Monday, May 22, 2006

The Trail of the Lonesome Pine, John Fox, Jr.

Charming, involving, but peculiar. I was a bit surprised by what this turned out to be. When it was mentioned in Gilead, it sounded like it might be about two men, one older, vying for the love of a young woman. That premise would have had some bearing on the love relationship and the conflict in Gilead if it were entirely the case. But, really, The Trail of the Lonesome Pine is a twist on the Pygmalion story, with the Eliza Doolittle character symbolizing Kentucky’s pre-industrial wilderness paradise. The age difference between the principal characters is completely different from that in Gilead: it’s slightly disturbing that Jack Hale falls in love with June at her young age. On the other hand, it strikes me as something you’d get away with in 1908, as well as with the usual anachronisms, such as the old-fashioned terms and turns of phrase and the unenlightened attitudes about class and race.

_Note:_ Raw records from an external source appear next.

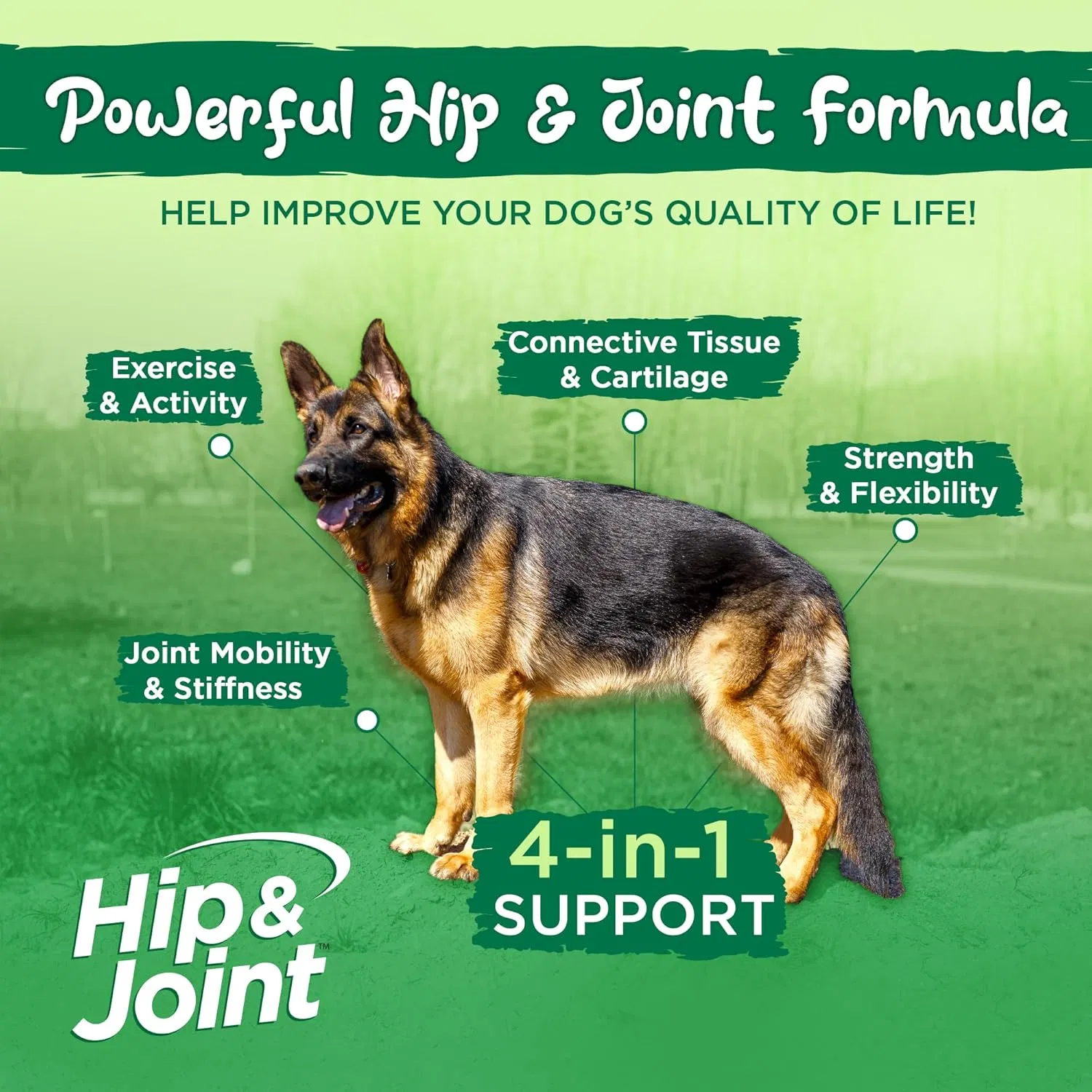Effective Chewable Tablets for Cats and Dogs Hip &amp; Joint, Pet Health Supplements Support Mobility, Glucosamine Msm
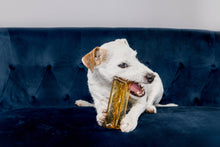 Charger l'image dans la galerie, Bâton de Mastication de Moelle Osseuse pour Chiens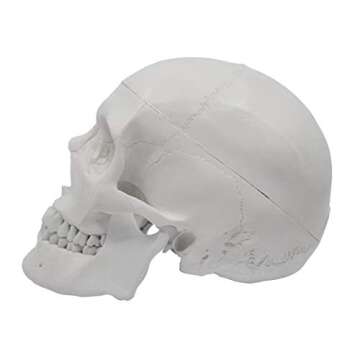 hBARSCI Human Skull Model - Medical Quality - 3 Parts with Removable Calvaria & Articulated Mandible...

It’s quirky because it’s from 1908, but the author’s also quirky. The pacing is very uneven -- you can tell that Fox wove a fictional narrative around scenes he actually witnessed among mountain people -- he dwells on some moments with a vividness that is out of all proportion to their importance in the story while paying bare lip-service to moments that should be dramatic in the alleged story. He also has an odd way with a phrase every once in a while: he’ll write a sentence backward: “The longest of her life was that day to June,” or he’ll open a chapter in a funny, detached way: “Spring was coming: and, meanwhile, that late autumn and short winter, things went merrily on at the gap in some ways, and in some ways -- not,” or he’ll describe something bizarrely: “The Hoosier was delirious over his troubles and straightway closed his plant.” He shifts point of view frequently and without warning.

Still, I liked it a lot; I even ordered a fairy stone from www.highhopes.com.